130k Lines of Formal Topology: Simple and Cheap Autoformalization for Everyone?

A project autoformalized 160k lines of general topology from Munkres' textbook using a feedback loop between LLMs (ChatGPT 5.2, Claude Sonnet 4.5) and the Megalodon proof checker. For a cost of approximately $100, the system generated over 1.5k theorems, including complex proofs like the Tietze extension theorem. This demonstrates that high-speed, low-cost autoformalization is becoming accessible across different ITPs and foundational libraries.

CuTe Layout Representation and Algebra

CuTe is a mathematical framework for tensor representation that uses hierarchical layouts and a layout algebra to manage complex data mappings required by modern hardware like tensor cores. It enables compile-time reasoning, verification, and generic transformations for GPU kernels, serving as the architectural foundation for NVIDIA's CUTLASS library.

Code

Marcus AI Claims Dataset

A dataset of 2,218 testable AI claims by Gary Marcus was analyzed using a dual LLM pipeline featuring Claude Code (Opus 4.6) and Codex. The findings indicate a 59.9% support rate, with high accuracy in technical domains like LLM security and agent production-readiness, but significant contradictions in market-based "GenAI bubble" predictions. The methodology utilized a reconciliation layer to unify claim-level and theme-level outputs, though verdicts remain LLM-scored rather than human-verified.

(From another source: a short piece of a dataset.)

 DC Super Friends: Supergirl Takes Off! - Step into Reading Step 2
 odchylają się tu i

Demucs music stem separator rewritten in Rust – runs in the browser

demucs-rs is a native Rust implementation of the HTDemucs v4 music source separation model, utilizing the Burn deep learning framework for GPU-accelerated inference. It supports Metal, Vulkan, and WebGPU backends, enabling local execution via a CLI, a WASM-powered web interface, and DAW plugins. The project provides multiple model variants for 4-stem and 6-stem decomposition, performing all processing locally without external server dependencies.

Mozilla.ai introduces Clawbolt, an AI Assistant for the trades

Clawbolt is a Python-based, messaging-first AI assistant for contractors that operates via Telegram. It utilizes LLMs for multimodal tasks including PDF estimate generation, voice transcription, and image analysis, while maintaining persistent memory of business context. The project supports containerized deployment via Docker and integrates with cloud storage for automated document organization.

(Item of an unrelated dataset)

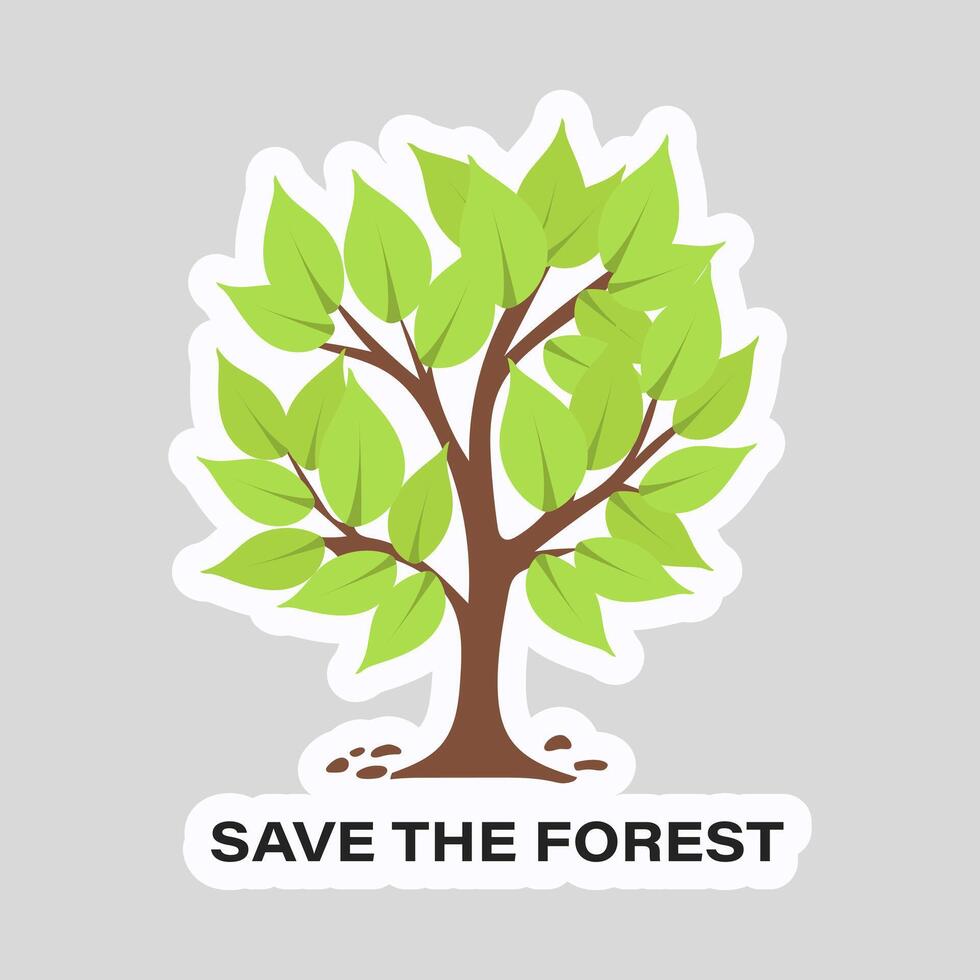 Save forest slogan on ecology sticker in flat design. illustration isolated. vector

OctopusGarden – An autonomous software factory (specs in, code out)

OctopusGarden is an open-source autonomous software development system that leverages LLM agents to generate, test, and iterate code from user-defined specs and scenarios. Its core mechanism involves using scenarios as a holdout set, unseen by the code generation LLM, while a separate LLM judge probabilistically scores satisfaction (0-100) to prevent reward hacking. This iterative attractor loop continues until a high satisfaction threshold is met, enabling the creation of genuinely correct software without human code review.

Axe – A CLI for running single-purpose LLM agents

Axe is a Go-based CLI tool for orchestrating LLM agents using a Unix-style philosophy of small, composable programs. Agents are defined via TOML and support multi-provider backends including Anthropic, OpenAI, and Ollama. Key features include sub-agent delegation, persistent markdown-based memory with LLM-assisted GC, and sandboxed tool use for filesystem and shell operations. It integrates into standard workflows via stdin/stdout piping and supports structured JSON output for scripting.